▶ YOUR GOAL: Reproduce nothing beyond the line containing "Women's Handmade Pvc". From the first line of the data below down to it, copy each line exactly, without the pictures.

Records from a dataset
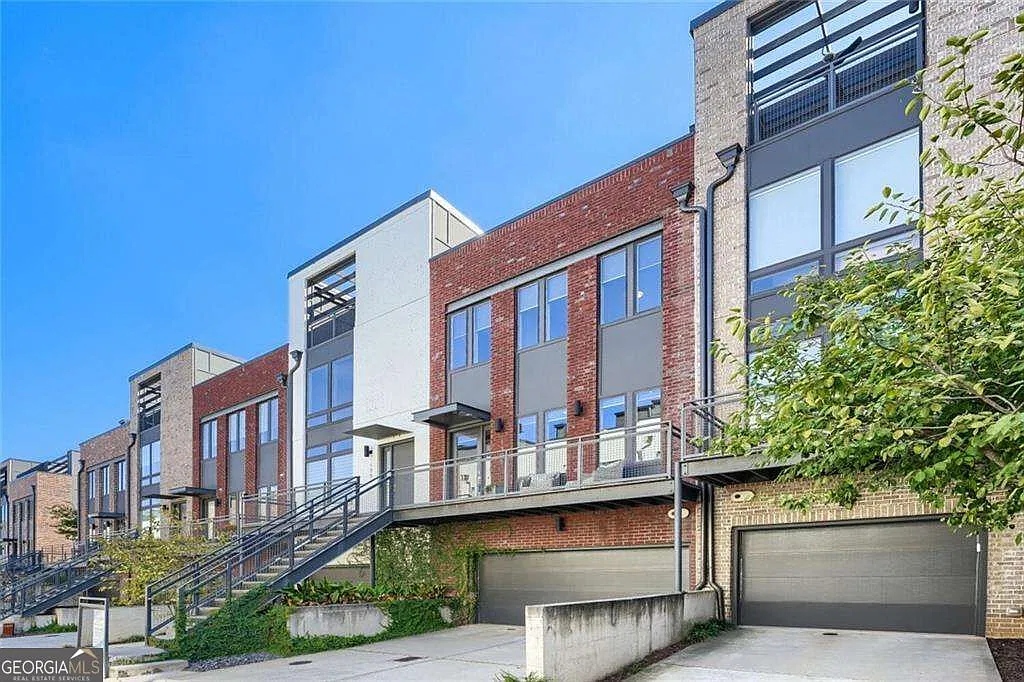 3 bed, 3.5 bath, $4,500 — Photo 2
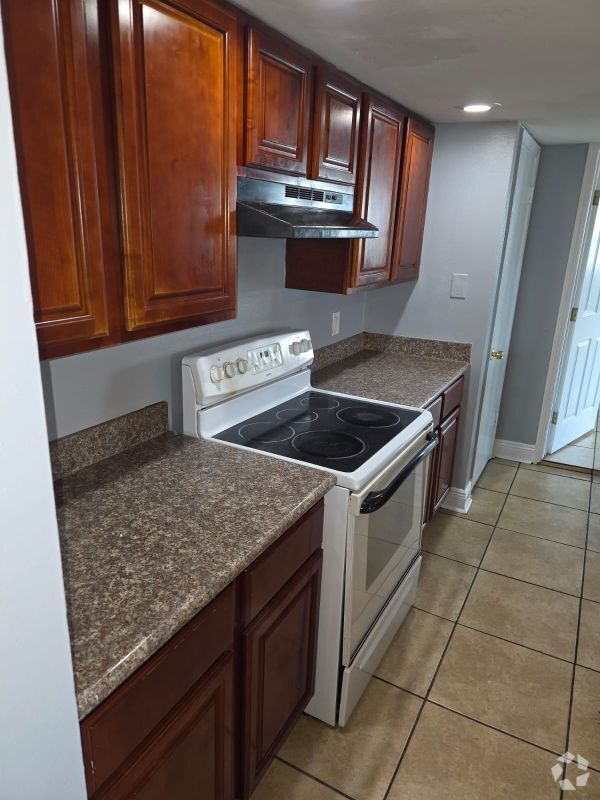 Building Photo - 6320 Riverside Dr Rental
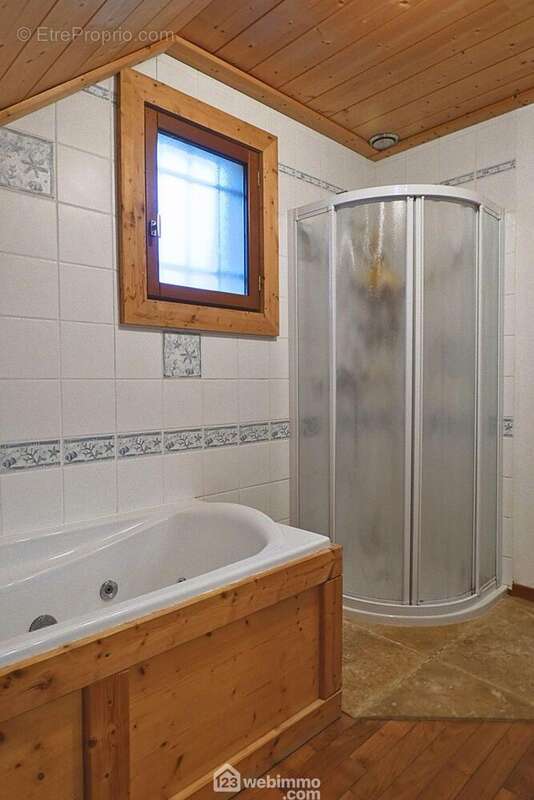 .... Equipée d&#039;une baignoire et une douche - Maison à UGINE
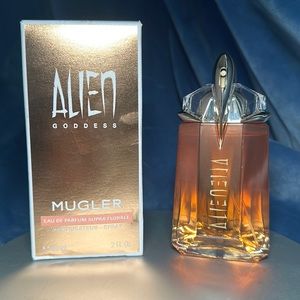 Alien Goddess Mugler Eau de parfum Supra florale.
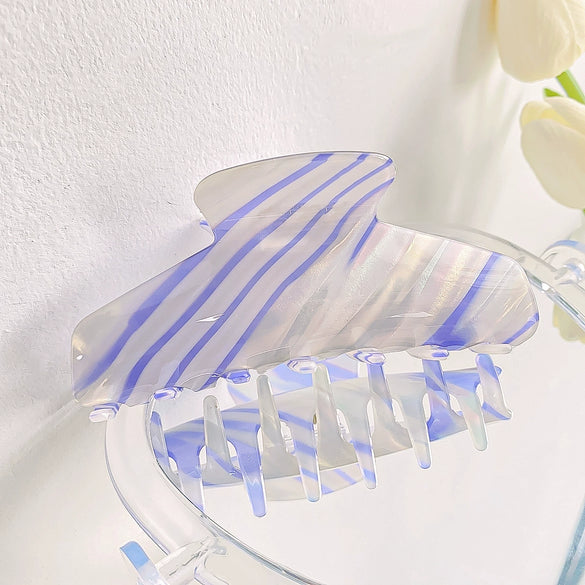 Women's Handmade Pvc Hair Grab Clip Light Luxury Style Phantom Stripe Shark Clip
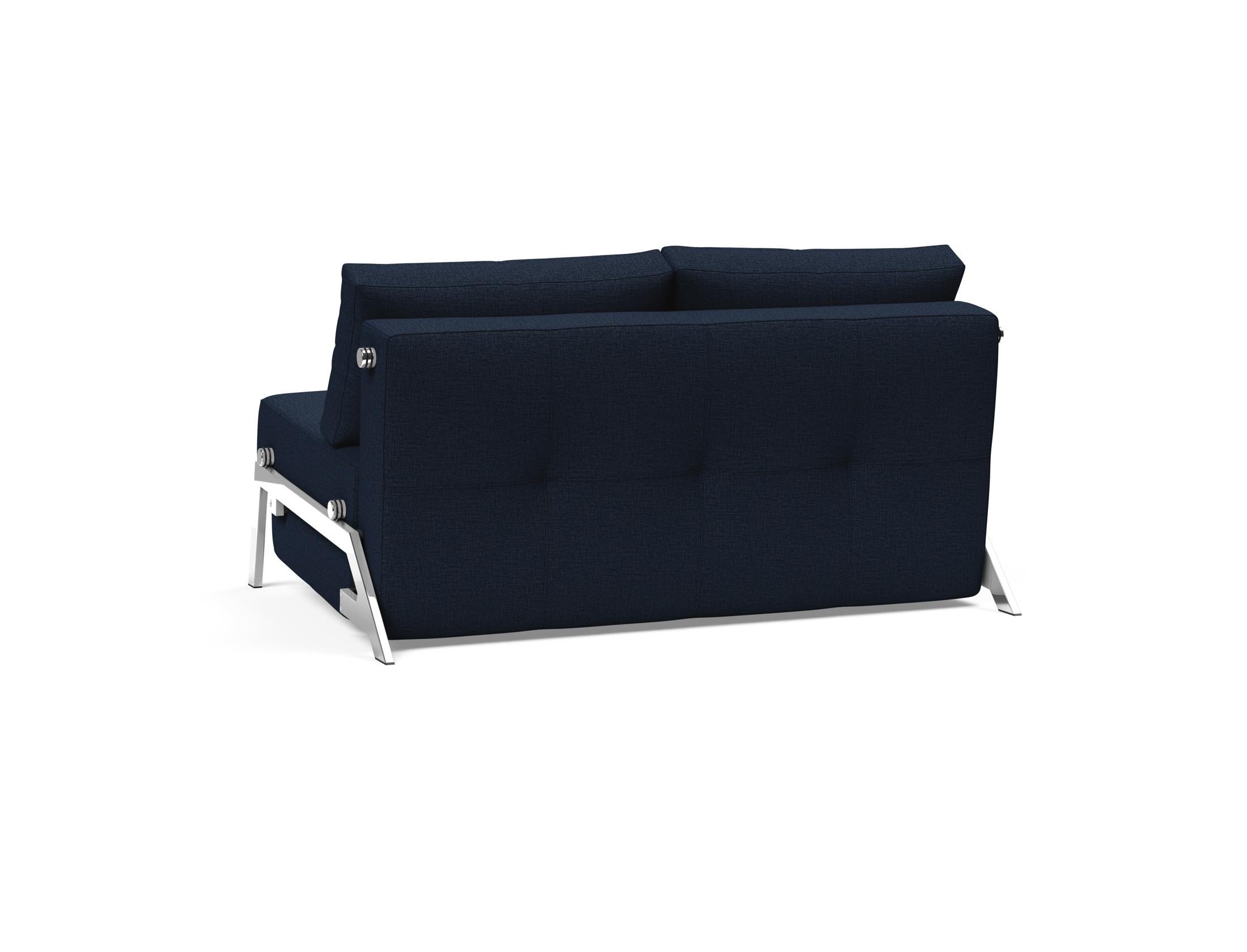 Das Cubed Klappsofa 140 von Innovation Living vereint modernes Design mit praktischer Funktionalität und bietet eine bequeme Schlafgelegenheit für Gäste.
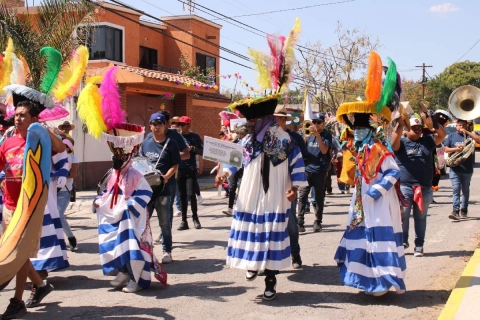 Con fiesta, reciben en Chalcatzingo Portal del Inframundo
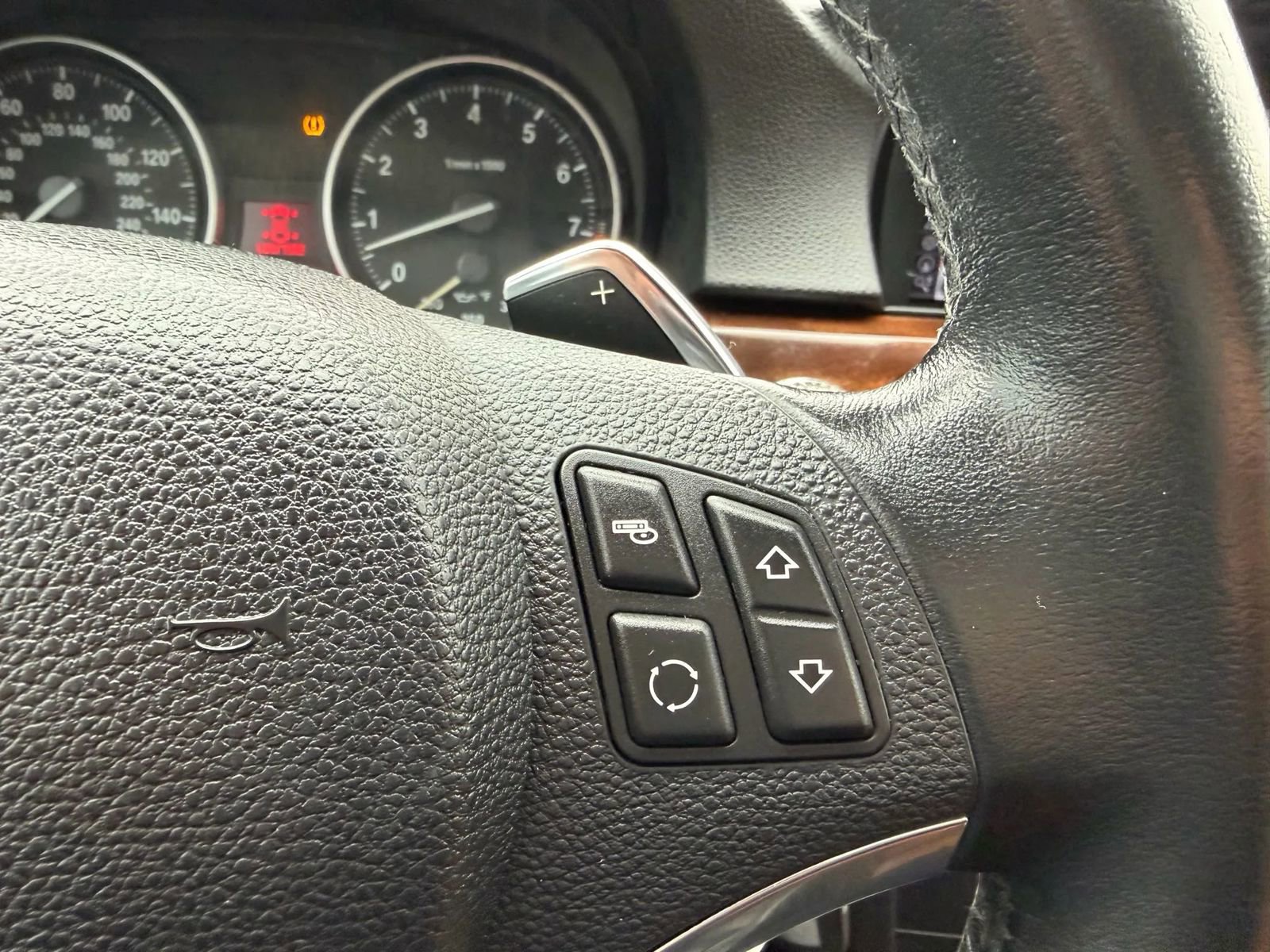 Used 2011 BMW 335i Coupe image 33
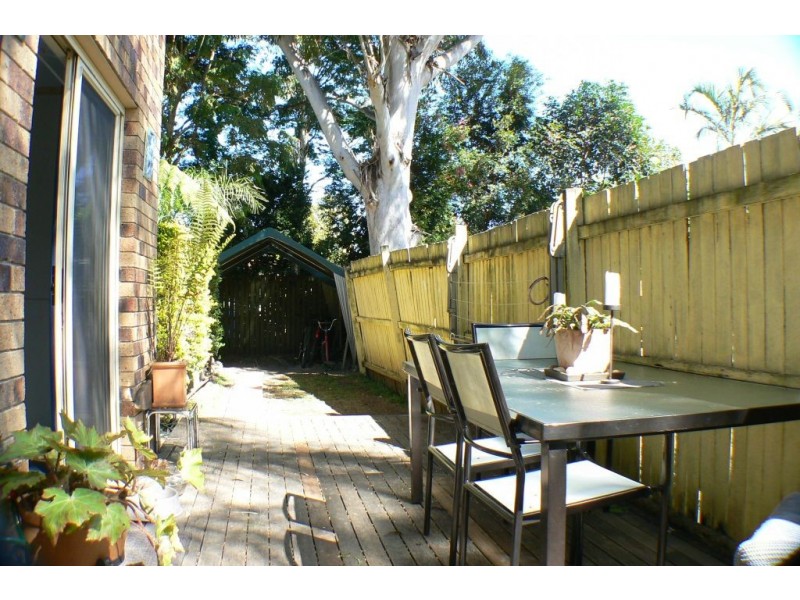 2/7 Namba Street, Pacific Paradise QLD 4564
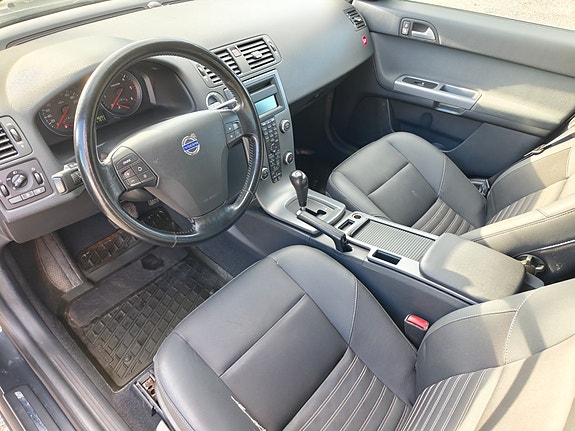 Volvo V50 5 of 10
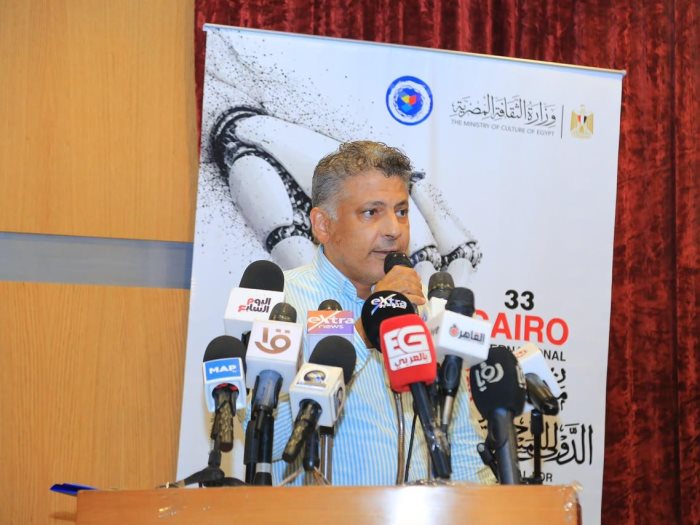 عادل حسان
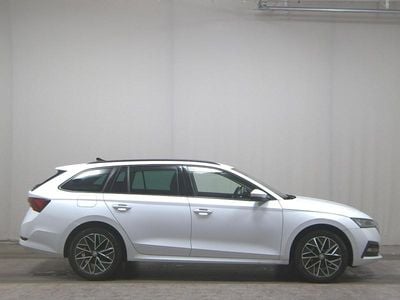 Weiss Gebraucht 2022 Skoda Octavia Ambition Kombi | 14.680 € (Guter Preis)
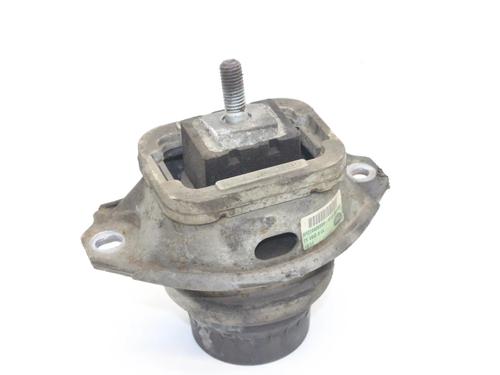 Used Engine mount Engine mount LAND ROVER RANGE ROVER SPORT I (L320) 3.0 D 4x4 (245 hp) 39823965 39823965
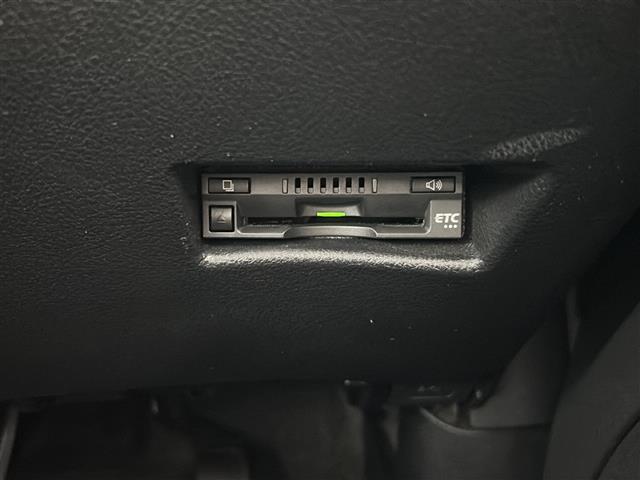 【　ETC　】今やカーライフにおける重要性はナビにも匹敵するのではないでしょうか。セットアップを行うことで利用可能になります。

▶ EXERCISE SOLUTION:
 3 bed, 3.5 bath, $4,500 — Photo 2
 Building Photo - 6320 Riverside Dr Rental
 .... Equipée d&#039;une baignoire et une douche - Maison à UGINE
 Alien Goddess Mugler Eau de parfum Supra florale.
 Women's Handmade Pvc Hair Grab Clip Light Luxury Style Phantom Stripe Shark Clip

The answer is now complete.